I haven't been to our club in centralhatchee since opening weekend, I'm headed down Saturday morning.


----------



## Dustin Pate

broach0018 said:


> Yes sir!! Thanksgiving week is when it's Hot!! Every year!



Yep. I have seen it get good around this time (20-21) on very cold years. Other than that the last weekend of November and first week of December is go time.


----------



## JM52388

1 lonely doe seen this morning. Got card from cam on scrape and scrape has grew about 2 ft in diameter since sunday!


----------



## Pseman17

JM52388 said:


> 1 lonely doe seen this morning. Got card from cam on scrape and scrape has grew about 2 ft in diameter since sunday!



Was there any pics on it


----------



## JM52388

The battery was dead when this morning but sunday morning it was fully charged! Dont know what happened! Had 1 pic of this 7 looks like he may have been a 8 but broke one.


----------



## Ehampt

nice mass!



JM52388 said:


> The battery was dead when this morning but sunday morning it was fully charged! Dont know what happened! Had 1 pic of this 7 looks like he may have been a 8 but broke one.


----------



## JM52388

Got alot of buck activity on the 19. This 7 pt from the previous scrape pic passed by the cam in food plot multiple times. Had a doe walk by cam with 4 pt about 6 mins behind her. No more rutting activity pics after that day.


----------



## toolmkr20

Well anybody given ole mossy horns a truck ride yet? I hunted Saturday morning with my bro-n-law on his lease off of 219 and found two fresh scrapes about the size of small car hoods. Its gonna be good the next few weeks I just wish the rain would hold off. Good luck to everyone.


----------



## ehunt

ready and waiting for the storm to pass and im going after my avatars brother!!!!!! hope they get nasty this weekend. 11/29 is my day in heard. good luck to all.


----------



## JM52388

Been real slow this week with all the wind! All my pics have been at night pass 3 days did a new big bodied buck in plot last night and found some more scrapes today!


----------



## toolmkr20

Anybody huntin in the rain this morning? I'm hoping tomorrow when I get to go that it'll be snowing instead. I hate miserable rainy hunts that are cold. Good luck to everyone.


----------



## Ehampt

Good luck!

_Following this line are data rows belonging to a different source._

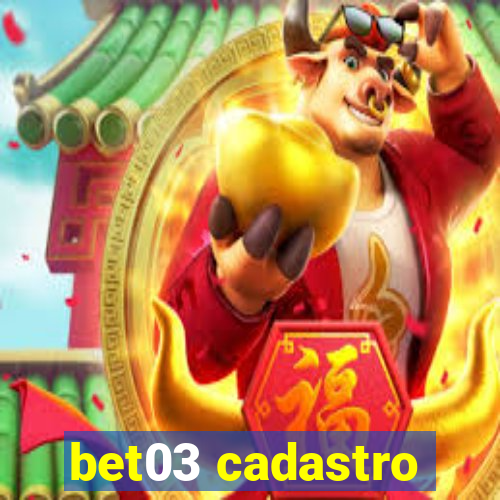 bet03 cadastro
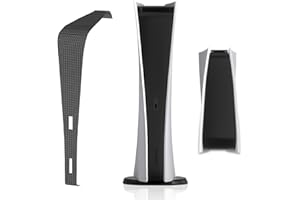 BLANOU PS5 Staubschutz Netz Schutz Staubschutz für PS5 Konsole 2 Stück Ps5 Konsole Staubschutz Netz kompatibel für Ps5 Digital Edition und Disc Edition (2)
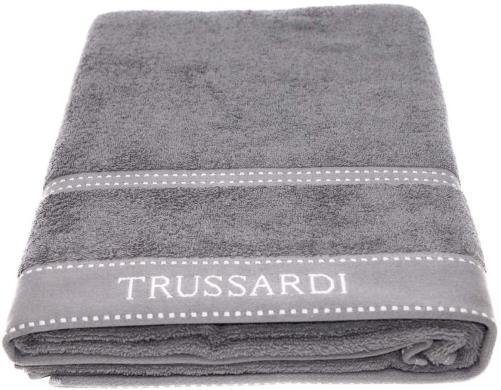 Trussardi Home Telo Bagno in Spugna di Puro Cotone Ribbon S46 - Passarelli Biancheria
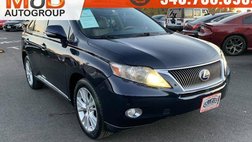 2010 Lexus RX 450h Base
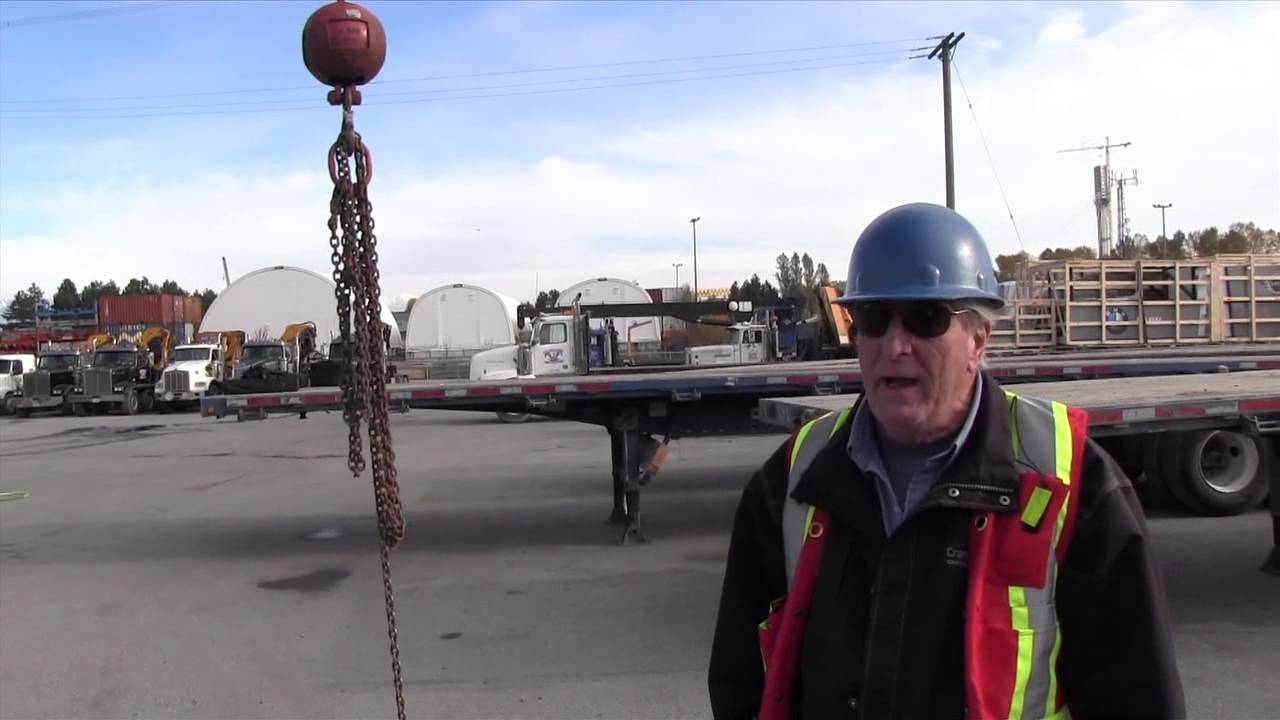 Crane Operator Load Control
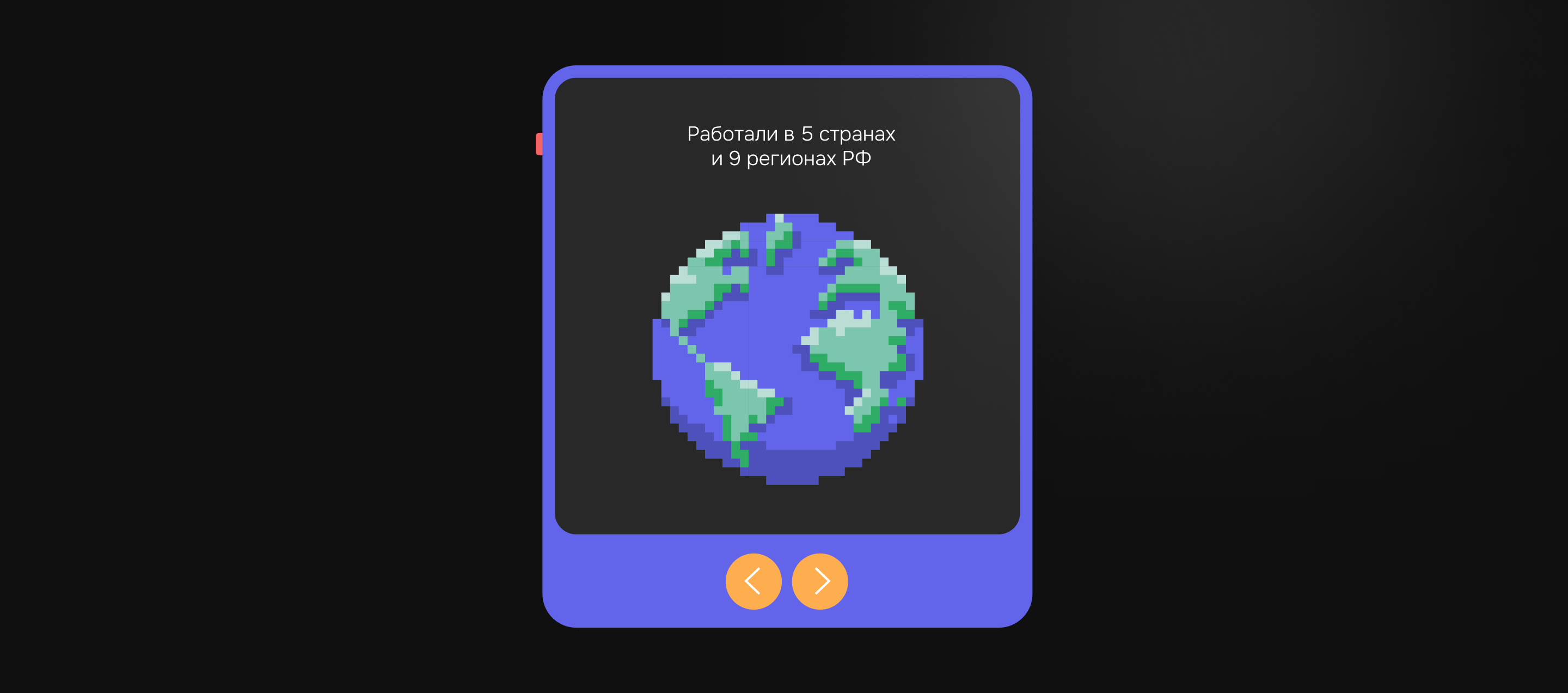 Event-agency website | ui/ux design — Изображение №5 — Интерфейсы на Dprofile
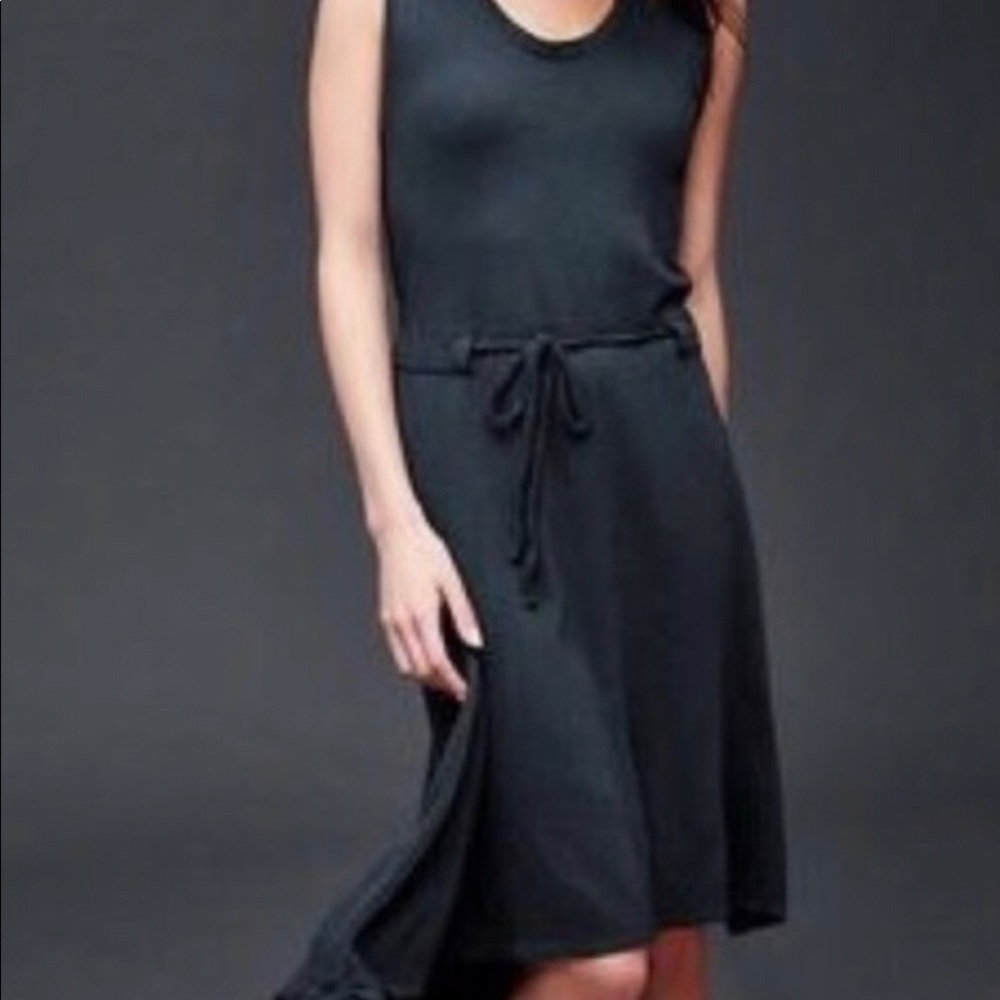 Gap Hi-Lo Midi Dress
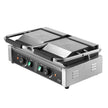 VEVOR Commercial Panini Press Grill Electric Sandwich Maker Griddle Plate 19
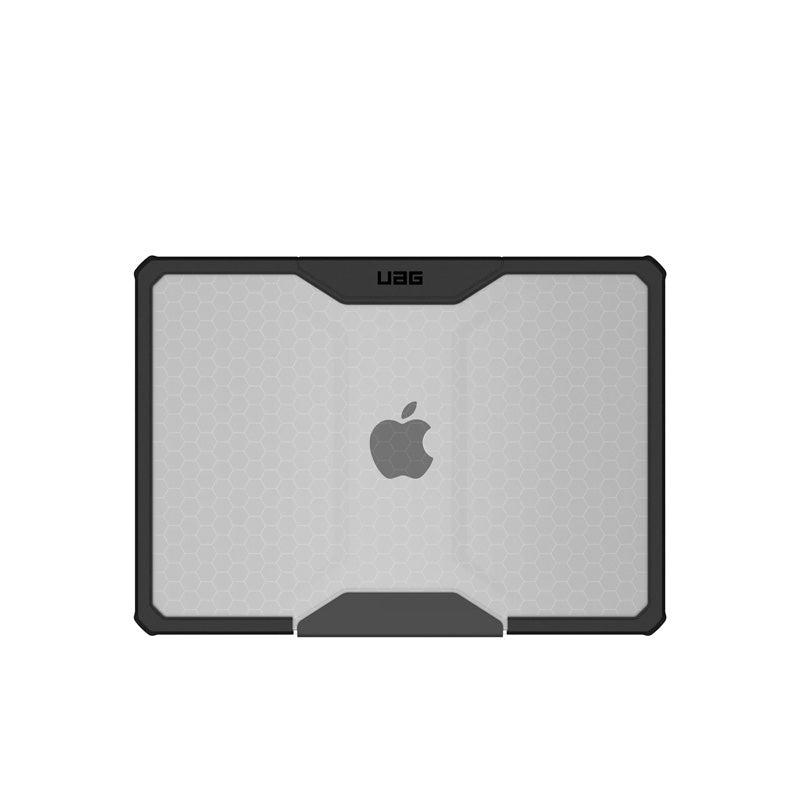 Coque Plyo MacBook Air 13" (M2/M3/M4/M5) Ice/Black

Let us know whats going on. taking the 11th-13 off and will be in the woods hard that whole long weekend.


----------



## Meriwether Mike

Hunted the evenings this past weekend. Saw two Saturday and gave a big doe a ride in the truck Sunday evening. The doe Sunday was alone, but no buck showed. I was up against darkness or I would have waited longer. This was my last Heard County hunt before doe days go out as I will be in Jasper County this weekend. I heard several shots Saturday and only two on Sunday.


----------



## broach0018

Been at it since Monday morning. Slow so far. Off all week hunting morning and afternoon. Hoping for some luck in the morning! Good luck fellas!


----------



## ehunt

I will be at it starting tomorrow afternoon till dark sunday. will post updates from tree.


----------



## Perry Hayes

The Bucks are on the move in Heard, several seen last week. I took a 9 and he was stinking to high heaven.


----------



## Ehampt

Good luck, ehunt!


----------



## toolmkr20

Didn't see anything this morning except for another lone spike but it was cool hunting in the snow again.


----------



## ehunt

thx ehampt. and good luck to everyone else. lets show the forum what heard has left to offer! or maybe we'll just keep it to ourselves. tried to make this eve hunt but couldn't. will be n tree at 6:15 tomorrow am. as long as I got air in my lungs! I plan on eating lunch Saturday at j.j's if any of yall want to stop by


----------



## Jay Hughes

Ran deer out of my plot walking to my stand this morning. Frozen mud is LOUD! Seeing deer, but no bucks with them. Hoping that changes this morning. Hearing several shots. Happy Thanksgiving and good luck!


----------



## loglayer

It s happening n Texas ga RIGHT NOW...


----------



## ehunt

Well I'm n Texas haven't seen a deer yet


----------



## ehunt

Sure is a nice morning for it though maybe they will get up soon


----------



## ehunt

loglayer its sho nuff on! heard some chasing right at dark off in the distance and seen blood in a fresh scrape so we all know what that means.


----------



## kvbbro

Hunted the first part of the Thanksgiving week but didn't see anything (all the wind and rain sure didn't help). But heard two bucks sparring for the first time in my life.  That got my heart racing...just didn't have a doe bleat call to try to get them over to me.  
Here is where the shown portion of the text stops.